Announcing Two New Snowfakery Faker Providers

For the last two years I’ve been fortunate to serve as a leader of the Salesforce Open Source Commons Data Generation Toolkit project. That project has produced and inspired a variety of efforts, including Snowfakery and a collection of starter recipes.

This week, along with my colleague Allison Letts, Salesforce’s Paul Prescod (the creator of Snowfakery), and our fellow project contributor Jung Mun, I helped create two new faker providers for Snowfakery:

What These Faker Providers do

The use of Snowfakery is growing. The more we use it, the more we want the data tailored to specific projects. And the more we find places where the Faker project’s providers do not have quite what we want. In particular the project does not (well did not) have providers for nonprofits and education specific data.
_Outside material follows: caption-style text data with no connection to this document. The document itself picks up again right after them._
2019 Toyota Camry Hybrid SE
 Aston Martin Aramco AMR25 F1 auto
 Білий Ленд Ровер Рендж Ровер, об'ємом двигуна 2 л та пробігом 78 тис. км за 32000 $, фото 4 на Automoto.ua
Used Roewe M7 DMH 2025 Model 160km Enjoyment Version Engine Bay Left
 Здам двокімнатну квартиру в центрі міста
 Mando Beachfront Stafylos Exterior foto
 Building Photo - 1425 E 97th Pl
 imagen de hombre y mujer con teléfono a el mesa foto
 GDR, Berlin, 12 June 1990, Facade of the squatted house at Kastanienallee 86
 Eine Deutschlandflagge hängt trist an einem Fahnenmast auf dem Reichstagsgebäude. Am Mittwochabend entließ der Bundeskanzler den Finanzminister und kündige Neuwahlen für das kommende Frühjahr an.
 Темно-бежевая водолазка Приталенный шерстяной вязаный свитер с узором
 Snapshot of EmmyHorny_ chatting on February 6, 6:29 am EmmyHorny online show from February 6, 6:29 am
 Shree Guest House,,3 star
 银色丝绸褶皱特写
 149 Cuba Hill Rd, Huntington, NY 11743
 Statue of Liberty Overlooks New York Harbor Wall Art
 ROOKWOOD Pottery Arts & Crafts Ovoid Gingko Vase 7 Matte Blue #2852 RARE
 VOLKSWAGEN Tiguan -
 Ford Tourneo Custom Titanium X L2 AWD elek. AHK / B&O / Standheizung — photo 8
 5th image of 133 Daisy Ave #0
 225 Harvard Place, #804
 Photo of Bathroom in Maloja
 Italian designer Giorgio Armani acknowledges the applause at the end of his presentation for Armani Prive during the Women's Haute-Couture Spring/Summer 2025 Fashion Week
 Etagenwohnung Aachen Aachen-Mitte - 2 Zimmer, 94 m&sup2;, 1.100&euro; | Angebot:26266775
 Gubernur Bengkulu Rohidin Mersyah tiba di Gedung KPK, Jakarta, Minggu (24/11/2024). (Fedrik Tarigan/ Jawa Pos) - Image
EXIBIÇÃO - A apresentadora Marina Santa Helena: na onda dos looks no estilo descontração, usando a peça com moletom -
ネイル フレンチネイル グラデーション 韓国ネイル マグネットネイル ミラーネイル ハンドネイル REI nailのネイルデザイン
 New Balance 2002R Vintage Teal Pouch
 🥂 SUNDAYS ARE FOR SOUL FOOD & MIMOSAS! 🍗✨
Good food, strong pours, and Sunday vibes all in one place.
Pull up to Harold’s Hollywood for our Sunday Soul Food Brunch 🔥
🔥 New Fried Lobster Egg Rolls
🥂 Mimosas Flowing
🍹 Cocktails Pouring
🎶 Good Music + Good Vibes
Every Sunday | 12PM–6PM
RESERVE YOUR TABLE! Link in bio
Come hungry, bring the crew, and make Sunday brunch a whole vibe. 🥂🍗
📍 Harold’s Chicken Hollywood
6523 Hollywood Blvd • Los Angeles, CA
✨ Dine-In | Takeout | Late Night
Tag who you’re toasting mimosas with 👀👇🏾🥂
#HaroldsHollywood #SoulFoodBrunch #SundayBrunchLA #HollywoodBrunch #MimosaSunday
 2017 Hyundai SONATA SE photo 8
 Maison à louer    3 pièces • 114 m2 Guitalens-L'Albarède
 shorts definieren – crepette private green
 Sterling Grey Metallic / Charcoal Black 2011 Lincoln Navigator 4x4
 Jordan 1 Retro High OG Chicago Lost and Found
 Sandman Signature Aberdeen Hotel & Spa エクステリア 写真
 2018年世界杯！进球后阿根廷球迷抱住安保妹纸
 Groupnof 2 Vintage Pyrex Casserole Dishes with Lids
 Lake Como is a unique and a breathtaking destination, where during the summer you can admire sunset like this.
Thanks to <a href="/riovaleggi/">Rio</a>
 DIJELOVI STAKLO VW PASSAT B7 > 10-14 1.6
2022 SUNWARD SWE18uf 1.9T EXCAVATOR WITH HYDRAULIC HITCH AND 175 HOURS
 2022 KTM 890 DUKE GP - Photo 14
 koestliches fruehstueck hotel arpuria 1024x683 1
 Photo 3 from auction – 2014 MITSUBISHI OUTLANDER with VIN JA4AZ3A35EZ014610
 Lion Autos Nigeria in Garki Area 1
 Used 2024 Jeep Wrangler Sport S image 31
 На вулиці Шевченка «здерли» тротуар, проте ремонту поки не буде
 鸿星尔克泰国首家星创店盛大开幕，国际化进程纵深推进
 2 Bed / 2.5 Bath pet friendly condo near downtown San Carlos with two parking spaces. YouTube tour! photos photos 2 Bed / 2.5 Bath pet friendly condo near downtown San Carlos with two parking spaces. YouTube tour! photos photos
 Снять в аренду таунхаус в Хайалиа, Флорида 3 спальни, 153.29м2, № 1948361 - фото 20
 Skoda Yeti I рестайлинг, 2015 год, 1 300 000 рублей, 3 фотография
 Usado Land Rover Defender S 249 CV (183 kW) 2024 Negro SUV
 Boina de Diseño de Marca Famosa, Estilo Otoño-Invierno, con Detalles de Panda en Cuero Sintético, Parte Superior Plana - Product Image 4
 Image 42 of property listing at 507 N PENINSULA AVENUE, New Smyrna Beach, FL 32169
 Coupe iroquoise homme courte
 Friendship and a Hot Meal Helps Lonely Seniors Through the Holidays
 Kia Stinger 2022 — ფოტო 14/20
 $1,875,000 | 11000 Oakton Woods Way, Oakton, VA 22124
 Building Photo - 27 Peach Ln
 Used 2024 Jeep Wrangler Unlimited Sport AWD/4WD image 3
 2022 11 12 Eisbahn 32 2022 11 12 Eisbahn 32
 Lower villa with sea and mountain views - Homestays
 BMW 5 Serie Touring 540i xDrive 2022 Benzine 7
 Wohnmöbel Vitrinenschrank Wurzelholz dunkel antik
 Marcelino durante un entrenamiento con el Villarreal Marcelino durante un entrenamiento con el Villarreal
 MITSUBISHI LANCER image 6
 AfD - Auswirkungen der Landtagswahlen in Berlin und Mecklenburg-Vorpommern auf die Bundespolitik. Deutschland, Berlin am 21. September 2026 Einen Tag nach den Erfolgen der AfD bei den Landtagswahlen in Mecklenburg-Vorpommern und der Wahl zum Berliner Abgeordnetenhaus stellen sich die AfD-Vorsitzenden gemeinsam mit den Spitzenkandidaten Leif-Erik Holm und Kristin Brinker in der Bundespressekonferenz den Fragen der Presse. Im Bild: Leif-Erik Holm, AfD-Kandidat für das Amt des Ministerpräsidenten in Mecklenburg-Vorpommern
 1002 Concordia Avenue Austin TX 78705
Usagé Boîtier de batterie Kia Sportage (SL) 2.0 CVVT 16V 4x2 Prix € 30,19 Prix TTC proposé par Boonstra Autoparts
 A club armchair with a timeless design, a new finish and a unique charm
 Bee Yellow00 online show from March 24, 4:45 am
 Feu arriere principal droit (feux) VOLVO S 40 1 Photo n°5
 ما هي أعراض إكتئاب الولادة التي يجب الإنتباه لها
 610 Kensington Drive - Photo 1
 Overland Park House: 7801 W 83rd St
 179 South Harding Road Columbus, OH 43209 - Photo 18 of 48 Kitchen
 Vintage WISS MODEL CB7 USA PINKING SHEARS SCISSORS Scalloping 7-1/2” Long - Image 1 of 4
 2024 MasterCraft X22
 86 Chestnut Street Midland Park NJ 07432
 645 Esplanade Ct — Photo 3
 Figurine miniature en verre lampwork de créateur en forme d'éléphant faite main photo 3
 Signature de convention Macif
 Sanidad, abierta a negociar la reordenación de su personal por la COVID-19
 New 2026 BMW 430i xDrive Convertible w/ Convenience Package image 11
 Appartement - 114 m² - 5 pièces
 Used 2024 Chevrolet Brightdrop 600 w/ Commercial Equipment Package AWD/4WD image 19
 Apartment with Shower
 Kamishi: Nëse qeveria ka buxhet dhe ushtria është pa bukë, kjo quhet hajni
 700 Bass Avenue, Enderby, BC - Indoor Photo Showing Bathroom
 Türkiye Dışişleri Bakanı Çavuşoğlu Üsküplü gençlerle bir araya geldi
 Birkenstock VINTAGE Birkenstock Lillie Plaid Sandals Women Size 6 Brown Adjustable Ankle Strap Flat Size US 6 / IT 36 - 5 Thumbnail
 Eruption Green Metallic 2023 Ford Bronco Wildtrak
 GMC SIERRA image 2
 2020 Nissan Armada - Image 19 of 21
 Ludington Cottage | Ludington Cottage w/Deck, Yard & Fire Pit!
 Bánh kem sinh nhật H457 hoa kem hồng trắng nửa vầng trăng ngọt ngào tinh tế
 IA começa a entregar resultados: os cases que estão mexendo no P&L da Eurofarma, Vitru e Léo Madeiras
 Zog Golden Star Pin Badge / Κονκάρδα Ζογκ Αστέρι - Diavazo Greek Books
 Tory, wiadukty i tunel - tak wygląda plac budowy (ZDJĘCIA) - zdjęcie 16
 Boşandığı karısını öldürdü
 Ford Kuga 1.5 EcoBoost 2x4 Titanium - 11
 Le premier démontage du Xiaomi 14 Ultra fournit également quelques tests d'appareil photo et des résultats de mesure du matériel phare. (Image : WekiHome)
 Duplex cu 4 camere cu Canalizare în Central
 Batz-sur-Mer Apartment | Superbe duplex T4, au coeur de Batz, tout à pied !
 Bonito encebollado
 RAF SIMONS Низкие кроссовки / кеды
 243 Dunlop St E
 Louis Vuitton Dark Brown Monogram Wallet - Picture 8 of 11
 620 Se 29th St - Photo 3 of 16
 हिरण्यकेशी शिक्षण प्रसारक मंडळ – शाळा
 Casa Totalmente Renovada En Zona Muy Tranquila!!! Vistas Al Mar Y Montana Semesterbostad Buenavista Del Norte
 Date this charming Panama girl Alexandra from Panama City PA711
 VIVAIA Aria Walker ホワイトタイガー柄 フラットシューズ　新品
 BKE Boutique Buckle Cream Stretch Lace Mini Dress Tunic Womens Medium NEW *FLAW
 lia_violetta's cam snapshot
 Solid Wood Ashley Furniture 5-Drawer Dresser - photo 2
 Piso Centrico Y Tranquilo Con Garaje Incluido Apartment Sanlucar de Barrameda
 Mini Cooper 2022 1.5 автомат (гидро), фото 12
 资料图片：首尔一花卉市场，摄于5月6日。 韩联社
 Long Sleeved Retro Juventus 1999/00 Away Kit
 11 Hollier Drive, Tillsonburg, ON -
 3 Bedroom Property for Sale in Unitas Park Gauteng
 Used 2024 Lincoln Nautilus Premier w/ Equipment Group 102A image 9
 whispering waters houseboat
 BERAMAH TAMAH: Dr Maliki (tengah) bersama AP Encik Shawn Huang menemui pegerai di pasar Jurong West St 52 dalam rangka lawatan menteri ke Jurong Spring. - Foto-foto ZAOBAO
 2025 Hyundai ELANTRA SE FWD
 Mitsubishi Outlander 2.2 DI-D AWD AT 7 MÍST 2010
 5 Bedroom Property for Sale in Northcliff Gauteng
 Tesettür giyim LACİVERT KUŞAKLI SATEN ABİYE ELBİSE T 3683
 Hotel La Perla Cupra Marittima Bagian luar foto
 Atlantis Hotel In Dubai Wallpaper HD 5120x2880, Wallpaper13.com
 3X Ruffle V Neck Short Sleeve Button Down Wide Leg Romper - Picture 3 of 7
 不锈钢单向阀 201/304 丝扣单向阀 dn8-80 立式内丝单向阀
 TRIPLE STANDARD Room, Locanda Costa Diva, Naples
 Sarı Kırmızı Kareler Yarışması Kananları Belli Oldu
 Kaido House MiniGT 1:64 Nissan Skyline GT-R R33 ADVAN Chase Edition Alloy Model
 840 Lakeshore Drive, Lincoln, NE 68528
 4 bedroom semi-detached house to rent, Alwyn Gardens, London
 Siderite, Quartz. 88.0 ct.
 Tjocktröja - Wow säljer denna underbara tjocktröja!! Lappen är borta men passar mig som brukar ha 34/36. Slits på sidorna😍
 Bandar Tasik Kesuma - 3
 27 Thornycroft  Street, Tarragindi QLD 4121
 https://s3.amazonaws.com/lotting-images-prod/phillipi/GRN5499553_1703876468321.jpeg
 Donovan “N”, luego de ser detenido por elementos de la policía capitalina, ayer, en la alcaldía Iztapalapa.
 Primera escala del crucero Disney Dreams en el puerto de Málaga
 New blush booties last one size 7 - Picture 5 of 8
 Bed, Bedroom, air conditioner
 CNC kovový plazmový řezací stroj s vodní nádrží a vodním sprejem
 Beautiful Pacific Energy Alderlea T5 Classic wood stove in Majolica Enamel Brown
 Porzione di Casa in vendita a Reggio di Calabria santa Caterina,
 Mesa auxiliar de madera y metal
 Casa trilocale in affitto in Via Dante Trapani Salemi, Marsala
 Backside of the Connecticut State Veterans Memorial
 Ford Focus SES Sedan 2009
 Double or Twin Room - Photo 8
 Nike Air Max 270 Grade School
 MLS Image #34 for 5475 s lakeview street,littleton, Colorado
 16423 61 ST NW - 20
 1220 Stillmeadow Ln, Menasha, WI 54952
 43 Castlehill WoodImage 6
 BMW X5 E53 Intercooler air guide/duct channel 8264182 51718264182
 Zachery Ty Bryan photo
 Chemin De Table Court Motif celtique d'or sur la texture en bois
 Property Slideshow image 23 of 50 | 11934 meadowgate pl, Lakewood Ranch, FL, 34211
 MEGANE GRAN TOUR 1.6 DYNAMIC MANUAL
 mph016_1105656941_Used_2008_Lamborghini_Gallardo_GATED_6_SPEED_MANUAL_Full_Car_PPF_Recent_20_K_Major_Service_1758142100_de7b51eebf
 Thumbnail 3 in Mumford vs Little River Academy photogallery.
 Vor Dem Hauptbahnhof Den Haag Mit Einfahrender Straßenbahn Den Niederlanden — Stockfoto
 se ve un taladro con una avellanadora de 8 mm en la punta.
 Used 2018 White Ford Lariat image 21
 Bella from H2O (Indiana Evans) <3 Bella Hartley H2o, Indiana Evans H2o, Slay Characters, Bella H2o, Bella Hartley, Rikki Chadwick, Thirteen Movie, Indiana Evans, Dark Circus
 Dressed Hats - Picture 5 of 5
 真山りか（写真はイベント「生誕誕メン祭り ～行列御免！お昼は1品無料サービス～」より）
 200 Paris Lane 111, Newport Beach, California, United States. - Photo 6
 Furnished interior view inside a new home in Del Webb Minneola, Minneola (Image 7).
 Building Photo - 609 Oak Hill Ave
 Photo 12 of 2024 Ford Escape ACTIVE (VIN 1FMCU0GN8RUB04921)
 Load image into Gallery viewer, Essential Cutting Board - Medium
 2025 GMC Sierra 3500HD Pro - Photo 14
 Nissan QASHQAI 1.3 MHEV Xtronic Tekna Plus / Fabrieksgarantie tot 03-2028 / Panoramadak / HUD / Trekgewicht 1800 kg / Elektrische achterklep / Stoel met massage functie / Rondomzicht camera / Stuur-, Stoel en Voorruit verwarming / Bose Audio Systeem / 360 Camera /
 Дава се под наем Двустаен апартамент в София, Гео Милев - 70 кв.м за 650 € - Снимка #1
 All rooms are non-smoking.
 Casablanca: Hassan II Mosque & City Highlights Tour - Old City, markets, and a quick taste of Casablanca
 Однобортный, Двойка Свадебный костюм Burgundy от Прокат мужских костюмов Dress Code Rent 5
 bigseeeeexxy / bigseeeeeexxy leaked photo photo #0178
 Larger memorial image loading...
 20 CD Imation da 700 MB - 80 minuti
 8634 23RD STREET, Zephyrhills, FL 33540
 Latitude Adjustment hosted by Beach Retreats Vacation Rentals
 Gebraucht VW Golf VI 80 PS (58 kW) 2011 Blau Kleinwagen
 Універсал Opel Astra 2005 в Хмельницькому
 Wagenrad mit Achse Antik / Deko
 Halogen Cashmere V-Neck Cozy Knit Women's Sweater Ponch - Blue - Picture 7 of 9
The Nonprofit provider currently just provides organization names:

$ snowfakery snowfakery_nonprofit_example.recipe.yml --target-count 10 nonprofit
nonprofit(id=1, nonprofit_name=Eastern Animal Asscociation)
nonprofit(id=2, nonprofit_name=1st Animal Foundation)
nonprofit(id=3, nonprofit_name=Upper Peace Alliance)
nonprofit(id=4, nonprofit_name=Southern Peace Home)
nonprofit(id=5, nonprofit_name=Unity Home)
nonprofit(id=6, nonprofit_name=Western Peace Home)
nonprofit(id=7, nonprofit_name=Upper History Foundation)
nonprofit(id=8, nonprofit_name=Upper Friends Committee)
nonprofit(id=9, nonprofit_name=Eastern Pets Center)
nonprofit(id=10, nonprofit_name=Northern Animal Foundation)

For the Education provider we have a bit more. You can generate college names, departments, and faculty titles.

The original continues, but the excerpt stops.